The main reason is to keep the number of parameters small, so that
our analysis works out cleanly. We combine the constraints of having the chance of being correct be very close to $1/2$ and the size of the circuit be very large. One might also wonder why we are measuring
hardness against \emph{nonuniform} circuits. There is a very good
reason for this---our arguments will crucially use this nonuniformity.
Let us gain some intuition about Definition \ref{15:def:avghard}. As
mentioned in a previous lecture, every predicate on $m$ bits can
be computed exactly by a circuit of size at most $2^m$, so
$H_L(m)<2^m$ for all $L$. As $s$ gets smaller, the condition of
Definition \ref{15:def:avghard} gets easier to satisfy: the circuits
under consideration become more computationally restricted, \emph{and}
they're required to compute $L$ on more inputs. Thus $H_L(m)$ serves
as a measure of the average-case hardness of $L$ at input length $m$.

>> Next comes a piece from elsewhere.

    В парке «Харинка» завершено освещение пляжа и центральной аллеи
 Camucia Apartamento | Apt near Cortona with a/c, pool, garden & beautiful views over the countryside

%%%%%%%%%%%%%%%%%%%%%%%%%%%%%%%%%%%%%%%%%%%%%%%%%%%%%%%%%%%%%%%%%%%%%%%%%%%
% New section %%%%%%%%%%%%%%%%%%%%%%%%%%%%%%%%%%%%%%%%%%%%%%%%%%%%%%%%%%%%%
%%%%%%%%%%%%%%%%%%%%%%%%%%%%%%%%%%%%%%%%%%%%%%%%%%%%%%%%%%%%%%%%%%%%%%%%%%%
\subsection{PRG Construction}
Suppose we have a language $L$ such that $H_L(m)\geq r/\epsilon$. Then no
circuit of size $r/\epsilon$, and in particular no circuit of size $r$, can
compute $L$ with probability at least $\frac{1}{2}+\frac{\epsilon}{r}$ over
inputs of length $m$ chosen uniformly at random. This suggests the following
approach for constructing a PRG: given $y_1,\ldots,y_r\in\{0,1\}^m$ chosen
independently and uniformly at random, apply $L$ (viewed as a function
producing a bit) to each $y_i$, yielding an output string of length $r$.
Intuitively, if some bit of the output distribution of this PRG were
predictable, then since the samples $y_i$ are chosen independently,
such a predictor would have an advantage in computing $L$. Thus the
output distribution of this PRG would be unpredictable and hence indistinguishable from the uniform
distribution, as desired.
\begin{figure}
\centerline{\psfig{figure=naive.png, height = 1.5in}}
\end{figure}
We will not proceed to formalize this very vague idea because it is
seriously flawed. One issue that naturally arises is that computing
the output of such a function would require computing $L$, which is
assumed to be hard to compute. However, the length $m$ at which we
would be computing $L$ would ideally be much less than the output
length $r$, so the complexity of computing $L$ might not be prohibitive.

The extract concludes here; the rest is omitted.